SGT R J Holms, Pte. I S G Holms, 2nd Lt A G M Holms in Waipukurau

But on the night of 27 October 1940 all that changed. As the Battalion's Official History records:

"On the night of 27-28 October a bomber jettisons its bombs: one man killed, Private Ian Holms, the battalion's first death from enemy action, and three wounded in A Company."

Thus Pvte Ian HOLMS has the honour of becoming the Battalion's first casualty of the war caused by enemy action. The incident causing his death was recorded in the Battalion's War Diary, and in the Routine Orders.

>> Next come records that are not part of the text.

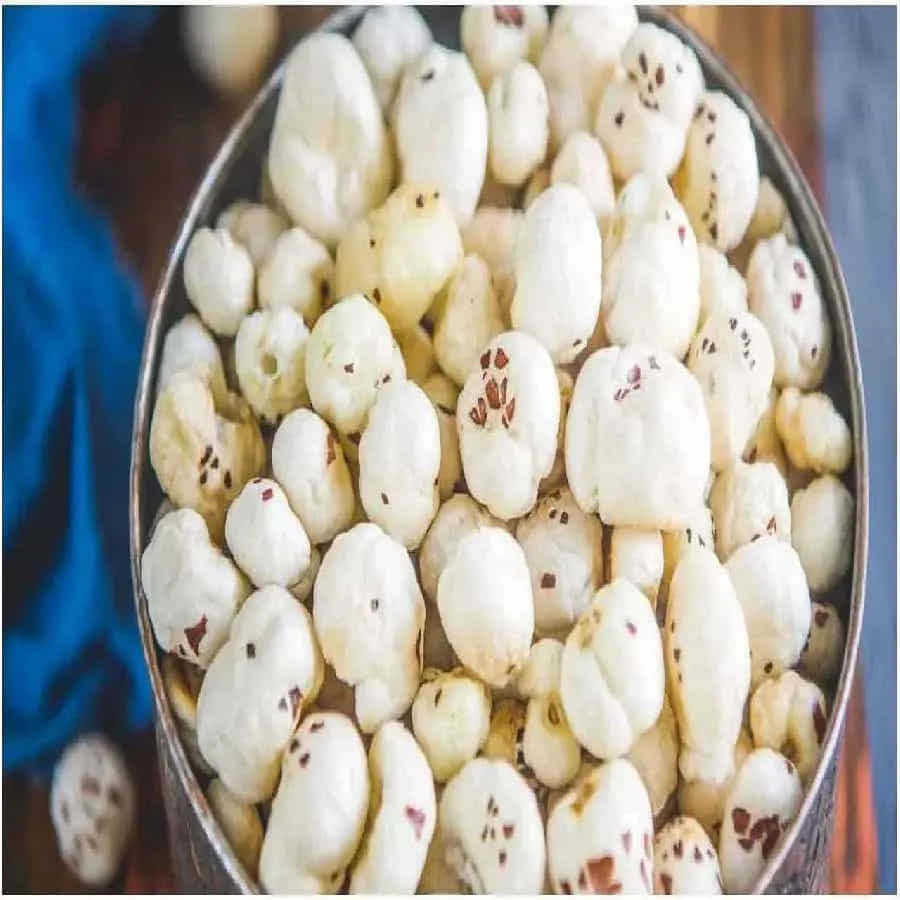 మఖానా - మఖానా ఆరోగ్యానికి ఎంతో మేలు చేస్తుంది. చాలా రుచిగా ఉండటంతోపాటు మఖానాలో కార్బోహైడ్రేట్లు పుష్కలంగా ఉంటాయి. వీటిని బరువు తగ్గించే ఆహారంలో చేర్చుకోవచ్చు. స్నాక్గా కూడా తీసుకోవచ్చు. దీంతో అనేక ఇతర ఆరోగ్య ప్రయోజనాలు కూడా అందుతాయి.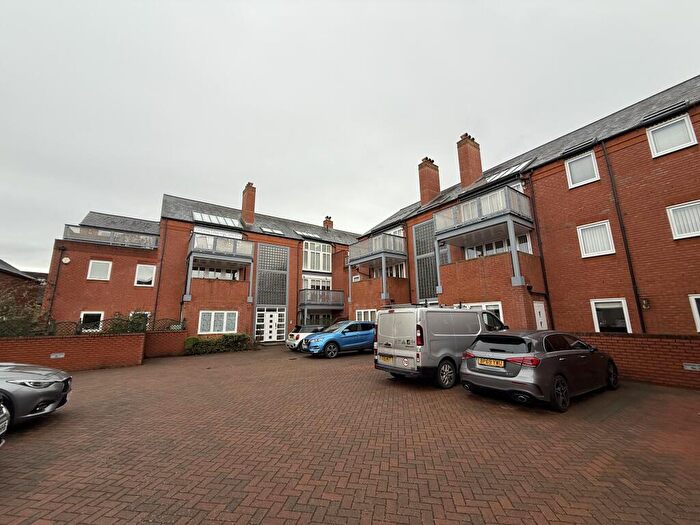 2 Bedroom Apartment To Rent In Mansell Street, Stratford-Upon-Avon, CV37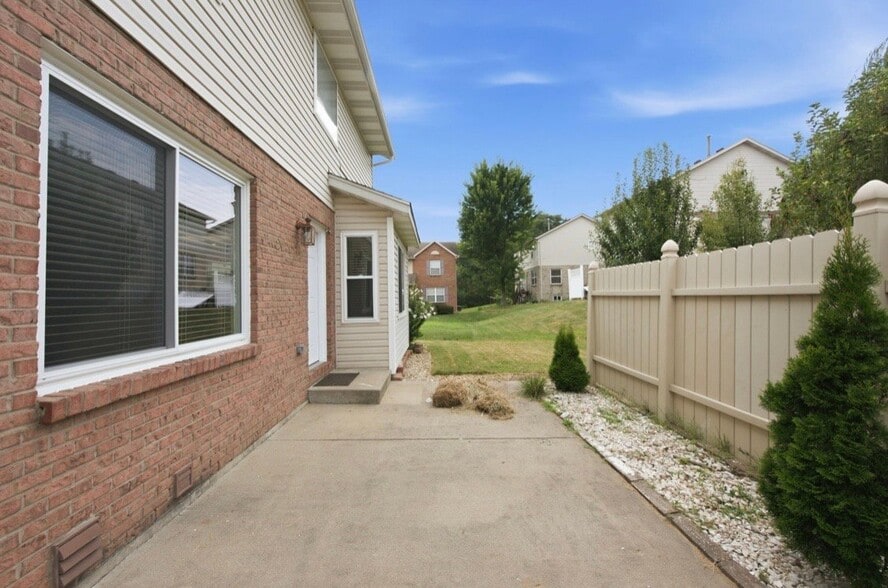 Building Photo - 7649 Tollgate Ct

Page from RO 17 for 29 October 1940
Page from the War Diary for 28 October 1940

Greenway Court

Greenway Court. The bomb crater and damage

Burial at Maidstone Cemetery

The village of Hollingbourne is a few miles NE of Maidstone. At the rear of the General Cemetery is a Commonwealth War Graves section, where Ian HOLMS and several other New Zealanders are buried. With war graves, the CWGC often relocated burials after the war, moving bodies from where they had been buried into a new, purpose built cemetery. This was usually the case for burials near the front line. However in Ian Homs' case, it appears that he was buried at Maidstone at the time of his death. Today the CWGC Section is neat and well tended, a fitting tribute to the New Zealanders and other soldiers buried there.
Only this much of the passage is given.